ISLAMABAD: The Federal Bureau of Revenue (FBR) announced on Sunday it had surpassed its revenue collection target of Rs9,252 billion ($33.36 billion) by collecting Rs9,306 billion ($33.55 billion) for the previous fiscal year, saying it is ready to achieve the ambitious revenue target for the current fiscal year.
Pakistan’s narrow tax base and enduring tax evasion issue leads to the problem of insufficient revenue collection for the country’s fragile economy each year. The shortfall exacerbates the government’s tendency to run a high fiscal deficit, often financed through domestic and international borrowing, increasing the nation’s debt burden.
The FBR announced on social media platform X it had “comfortably achieved” its revenue collection target for the previous fiscal year, collecting Rs9,306 billion ($33.55 billion) in total and thus exceeding its target by Rs54 billion ($190 million).

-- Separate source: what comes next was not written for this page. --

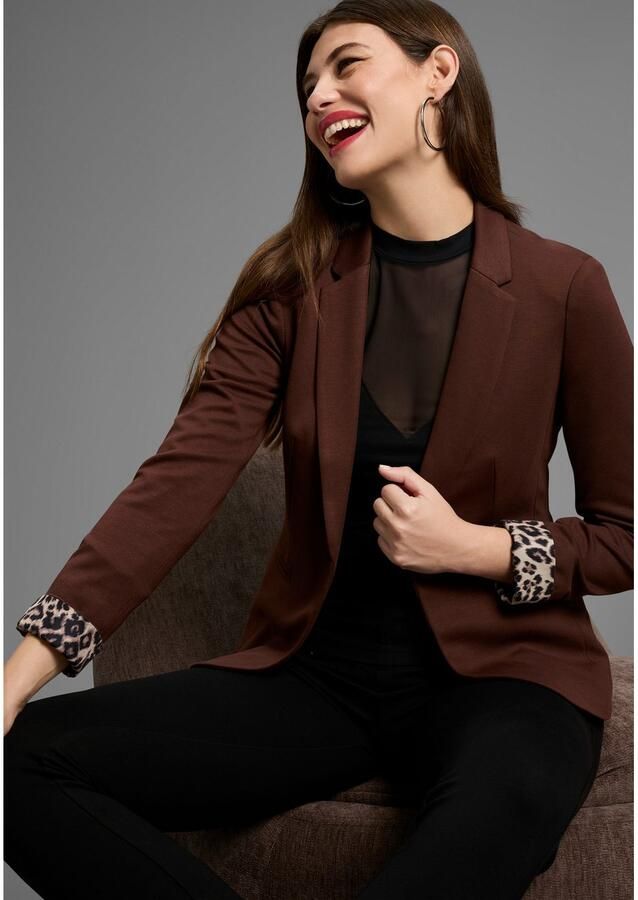 Bruno Banani Korte blazer Luipaardprint-voering NIEUWE KLEUREN - Foto 3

“The growth in revenue collection is 30 percent as compared to the last year,” the FBR wrote on X.
The FBR said it had collected Rs1,183 billion ($4.27 billion) in June alone, adding that the target was despite imports being compressed from $55 billion ($200 million) to $53 billion ($200 million).
“For the FY 2023-24, FBR collected income tax amounting to Rs4,528 billion ($16.33 billion) as compared to Rs3,270 billion ($11.79 billion) during the same period last year, depicting an increase of 38.4 percent,” the tax authority wrote.

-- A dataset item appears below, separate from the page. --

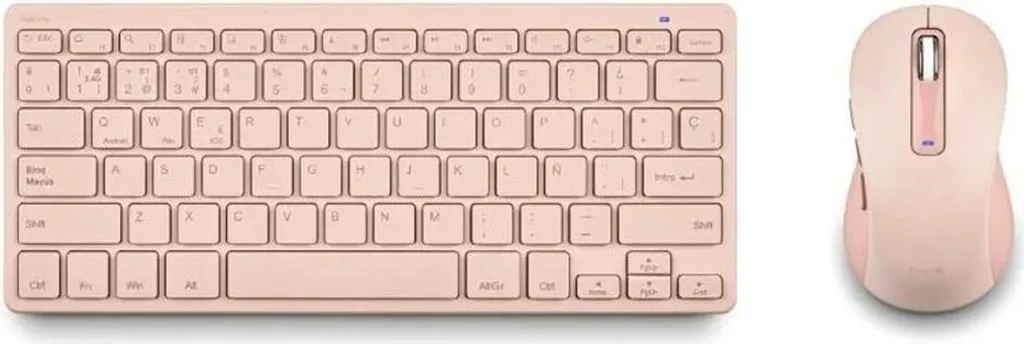 Ensemble clavier et souris filaire NGS rose kit de bureau complet - 2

“Similarly, under the head sales tax Rs3,098 billion ($11.17 billion) was collected as compared to Rs2,593 billion ($9.35 billion).”

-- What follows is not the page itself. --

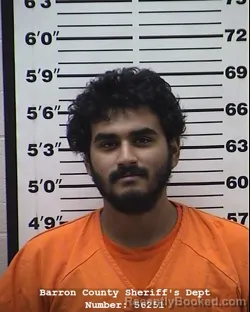 Mugshot of Yazyr Sanchez booked in Barron County, Wisconsin on March 9, 2026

The FBR said it collected Rs576 billion [$2.08 billion] in Federal Excise Duty (FED) compared to Rs370 billion ($1.33 billion) last year while the revenue collection under the Customs Duty tax head was recorded at Rs1,104 billion ($3.98 billion) compared to Rs931 billion ($3.36 billion) last year.
“FBR collected Rs6,128 billion ($22.09 billion) in domestic taxes and Rs3,178 billion ($11.46 billion) in import taxes, thereby depicting a growth of 37 percent in domestic taxes and 18 percent in imports despite import compression during the current financial year,” it said.
The tax authority said it had disbursed refunds amounting to Rs469 billion during FY 2023-24 compared to Rs331 billion ($1.19 billion) during FY 2022-23, with the amount being 42 percent more than last year.
“In addition to exceeding the annual revenue target, the Tax System of Pakistan also witnessed significant structural improvements, which were a direct result of the interest of the Honorable Prime Minister and Finance Minister,” it said.
The FBR said that despite all odds, it remains committed to achieving targets “under all circumstances.”
“It is reiterated that for the assigned revenue collection target for the FY 2024-25, the team FBR is ready to deliver and put in their best efforts to achieve it and serve the nation,” it added.
Pakistan has set a challenging tax revenue target of Rs13 trillion ($46.66 billion) for the current fiscal year, a near 40 percent jump from the previous one, to strengthen the case for a new bailout deal with the International Monetary Fund (IMF).
Pakistan’s new administration has decided to digitalize the tax collection system to prevent leakages, even as a large segment of the national economy remains undocumented.